In order to secure full transparency, the recharged ranges after 10 and 30 minutes are also depicted.
2 Manufacturer specifications partly incomplete, thus complemented by expert estimates
Comparison of recarged ranges
In regular updates, we will publish new vehicles in the P3 Charging Index and also make updates of already introduced vehicles. So in the next release, besides the real values of the Porsche Taycan, an update of the Tesla Model 3 will certainly be available. Furthermore, vehicles like the Peugeot e208 or the Opel Corsa-e will be measured and will be rated with the corresponding index by then. With the help of the P3 Charging Index, we initially wanted to create transparency and traceability in an electric vehicle market that is still far too opaque in the discussion of rapid charging capability today.

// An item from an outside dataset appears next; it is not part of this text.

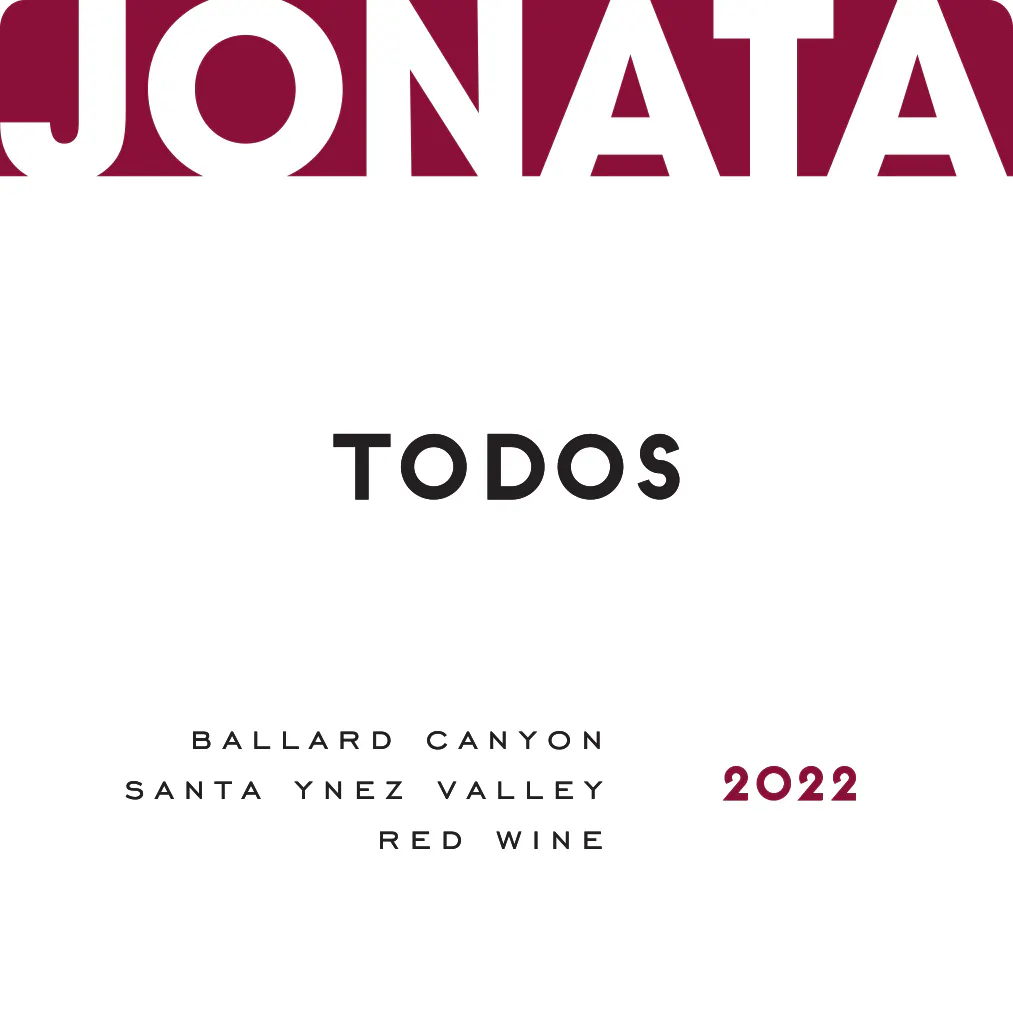 10009884 232860 JON RED TODOS V22 FCE 750 R1 TTB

Since not every electric vehicle will be launched on the market in the future with the claim to be suitable for long-distance travel and thus serve a different customer use case, we will extend the index to other vehicle segments. In addition, classic vehicle segments will be separated as soon as a correspondingly comparable number of vehicles exists – this is to avoid the compact class having to compare itself with the sports segment. We are already working to ensure that we compare vehicles that are more focused on urban areas with other target figures, but that we want to offer at least the same transparency and traceability.
The P3 Charging Index enables the comparison of actual and realistic charging performances of electric vehicles. It considers the maximum or average charging capacity of the vehicles as parameter, combines it with the overall efficiency of the respective vehicle and standardizes these key figures to a practical and driver-related use case.
The P3 Charging Index also makes a claim on the development of electric vehicles: In the future, the development of vehicles should focus on a corresponding mix between charging performance and efficiency of the vehicle, because only the sum of both parameters defines the customer’s charging experience!